Russland hat nicht nur die teuer aufgebaute georgische Streitmacht dezimiert. Georgiens Präsident Michail Saakaschwili sagte zur „Financial Times“, Russland habe auch die Infrastruktur und das Vertrauen der Investoren zerstört. Der Schaden für die Infrastruktur belaufe sich auf zwei Mrd. Dollar (1,4 Mrd. Euro). Die Bank of Georgia spricht von etwa einer Mrd. Dollar. Stimmen Saakaschwilis Angaben, wäre dies ein Fünftel der georgischen Wirtschaftsleistung des Jahres 2007. Binnen weniger Monate könnten die Schäden behoben werden, sofern es gelinge, die Investoren zu beruhigen, meinte Saakaschwili. 2007 hatte Georgien mit Rekordwachstumsraten von zwölf Prozent geglänzt. In den letzten drei Wochen aber standen viele Sektoren still.

Krieg schadete auch Russland

Bei den Schäden ist Südossetien nicht mitgerechnet. Für die von Georgien abtrünnige Republik fühlt sich dem Gebaren nach ohnehin bereits Russland zuständig. Über eine Mrd. Dollar Schäden hätte die georgische Aggression in Südossetien verursacht, sagte Russlands Premier Wladimir Putin. Russland werde in einem Soforthilfeprogramm 9,5 Mrd. Rubel (260 Mio. Euro) und mittelfristig 16 Mrd. Rubel in den Wiederaufbau des landwirtschaftlich dominierten Südossetien pumpen.
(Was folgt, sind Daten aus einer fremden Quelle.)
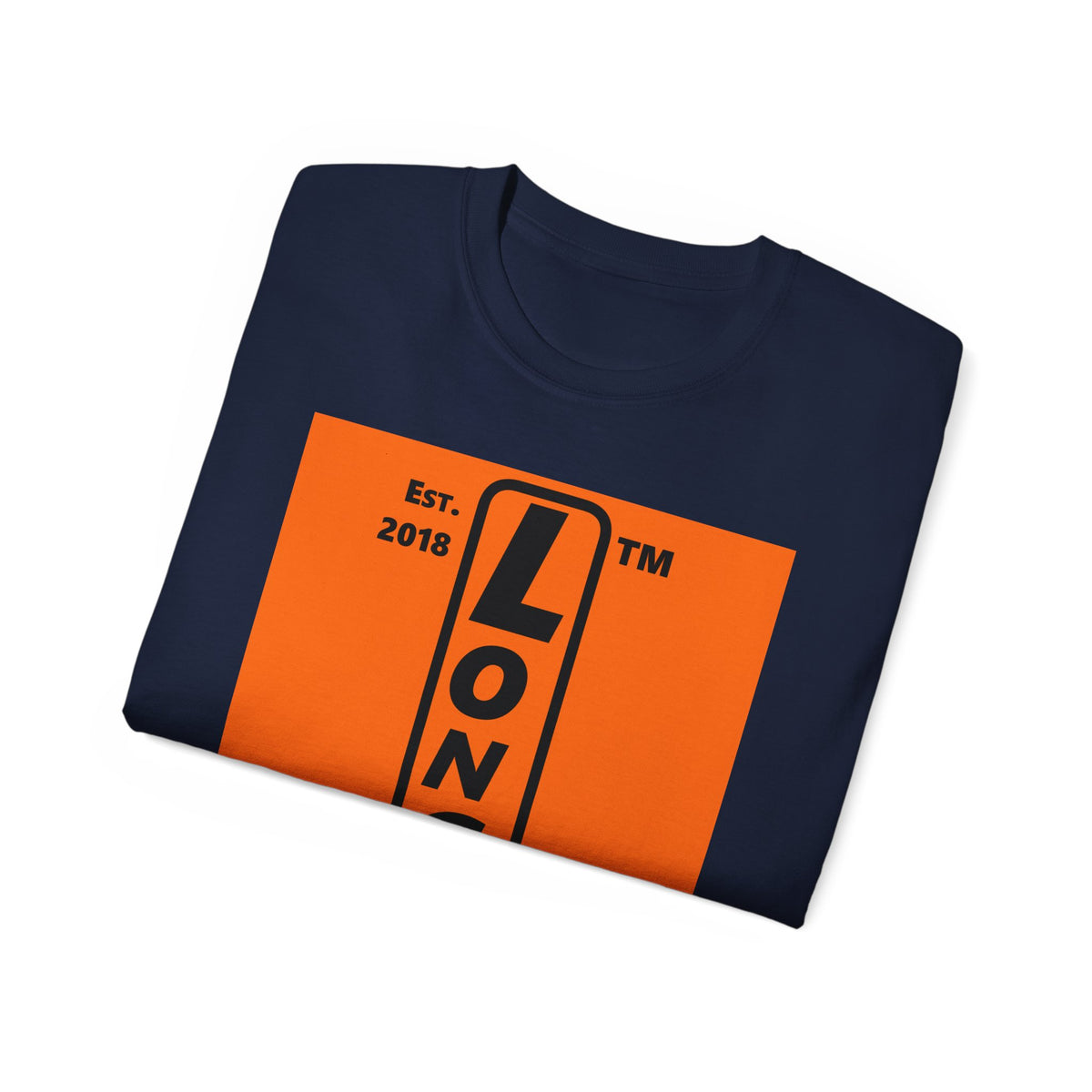 LongD Hyde Park upright logo Black (000000) on orange (FE7518) (Halloween colors) cotton tee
Offiziell hat der Krieg von 8. bis 12. August gedauert. Wie das russische Zentrum für Strategieanalyse (AST) angibt, hätten allein die Militärausgaben inklusive Evakuierung und Versorgung der Flüchtlinge für Russland täglich 2,5 Mrd. Rubel betragen. Schaden und Verluste von militärischem Gerät seien nur in dem sehr bescheidenen Ausmaß berücksichtigt, in dem das russische Verteidigungsministerium Angaben darüber gemacht hat. Auch aus Georgien fehlen genauere Angaben. AST schätzt für die vier Kriegstage 4,8 Mrd. Rubel Kosten für Georgien täglich, den Schaden an ziviler Infrastruktur eingerechnet. Letztere wurde aber auch nach dem offiziellen Kriegsende weiter zerstört.

Die Kriegsereignisse haben nicht nur Investoren in Georgien verschreckt, das sich in den letzten Jahren zum Muster-Reformland gemausert und angesichts seiner Kleinheit stattliche 5,5 Mrd. Dollar ausländischer Direktinvestitionen angezogen hatte. Auch der russische Finanzminister Alexej Kudrin vermeldet für die Zeit der Kriegshandlungen einen Kapitalabfluss von sieben Mrd. Dollar brutto. Darum werde der reine Kapitalzufluss heuer unter den prognostizierten 30 bis 40 Mrd. Dollar bleiben. Viele Investoren begannen wieder politische Risken abzuwägen, die sie zuvor überhaupt nicht in Betracht gezogen haben, sagt Jewgeni Gawrilenkow, Chefökonom beim Investmenthaus Trojka Dialog. Jaroslaw Lisowolik von der Deutschen Bank meint, dass schlimmstenfalls die Direktinvestitionen um 30 bis 40 Prozent abnehmen, was zu einer Verlangsamung des zuletzt siebenprozentigen Wirtschaftswachstums um 0,4 bis 0,5 Prozent führt. Russlands Wirtschaft kann diese Folgen verdauen – es sei denn, der Westen macht Ernst mit Drohungen, Russland nicht in die Welthandelsorganisation WTO zu lassen, die Vergabe von Olympia 2014 an Sotschi in Frage zu stellen oder die Spiele zu boykottieren. Führende amerikanische Politikberater warnen aber davor, da man politische Gegenreaktionen seitens Russlands befürchtet.

Auf einen Blick

Ein Fünftel von Georgiens BIPdürfte der kurze Krieg mit Russland vernichtet haben.

Bei den Kämpfen starben laut Deutscher Presseagentur 1771 Menschen: 1492 südossetische Zivilisten, 64 russische Soldaten, 146 georgische Soldaten sowie 69 georgische Zivilisten.